1. VHS is nowhere near true 640x480 - more like 486x240 (compared to iTunes' 320x240) though I don't know all the details; 2. most DVDs, unless they're more than 5 years old, are more in the $15-20 range than the $10 range.
 
terrabytejoe said:
Yes it would be a fairly decent price, and it would make sense compared to DVD, but they need to use AT LEAST the same quality of Front Row's movie trailers

If it were the same resolution as FR trailers the rez would be too high to work on an iPod, and even if it did it would kill the battery very quickly.

tny said:
2. most DVDs, unless they're more than 5 years old, are more in the $15-20 range than the $10 range.

You can easily get new releases on release week for $12-13. 20% more than what an iTunes movie would cost but 100% more versatile and better resolution.
 
At $1.99 it is faster and easier to download the movie from Apple. At $9.99 it is cheaper and easier to download the movie from somewhere else, or buy the real dvd and get all the extras. I don't see why this would be a deal for me. I still can't stream it to my tv, and I wouldn't want to buy a mini just so I can hook it up to the tv to watch a movie I wouldn't pay $9.99 for. They need to work on this.
 
SeaFox said:
No, it's not like that at all. Taping with a VCR or Tivoing are legitimate recording for personal use. You recorded it, you already paid for the initial showing with you cable bill or the ads shown in the program. When you download something with BitTorrent, you copying the file from another location. Multiple people in the public are ending up with a recording taken by one user, and many times these recording are DVD rips. That's copyright infringement.


Okay, so maybe some people can shed some light on the following situation?

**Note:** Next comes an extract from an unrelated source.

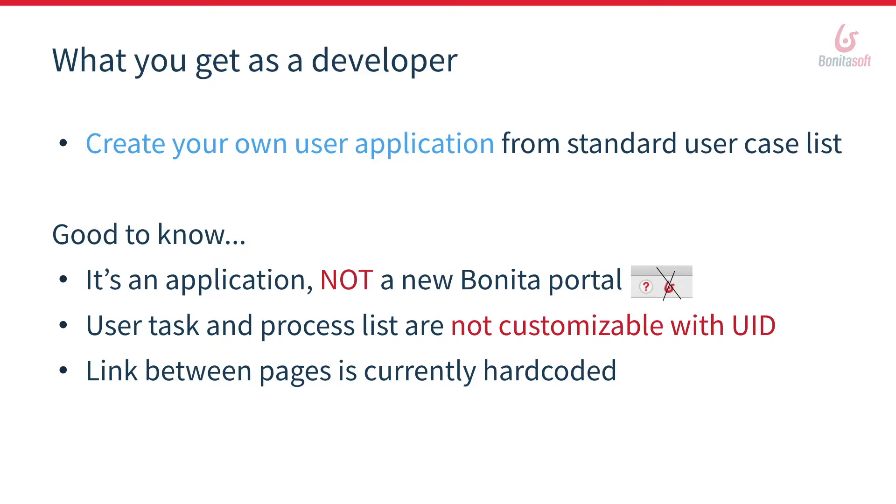The task list is taken from the current portal and the list of processes is encoded in React, which is therefore not customizable for the moment from the UI designer. You can, however, export and customize them outside.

Suppose that a certain movie was on the telly last night, and that i forgot to tape/TiVo it. i would still really like to have a recording of it, so i download it (without paying for it, if you understand my meaning :eek: )
According to the above quote, this would be legal because i already paid my cable bill, which in turn is a payment for the movie that was on last night? i mean, you are not paying for bits and bytes, but for the content that those bits and bytes represent, right? (otherwise all movies that fill a dvd (9 gigs) should have the same price, and they don't, so there...). So, if i am paying for Content, it should not make a difference whether i download this movie that was shown on TV last night or that i TiVoed it last night?
 
EricNau said:
I hope they make the quality of movies at least that of a DVD - but I know they won't. What should I expect for $10? :rolleyes:


For $10, you should expect the quality of a DVD. I can go buy used DVDs at a thrift store for $5.99. Yeah, it's used, but that doesn't change the quality when it plays.
 
QCassidy352 said:
I suppose it wasn't realistic to think we would be buying movies for $1.99. Sure woulda sold a lot of them though... $9.99 still isn't bad.

That's priced too high for me. I wouldn't buy movies on this basis.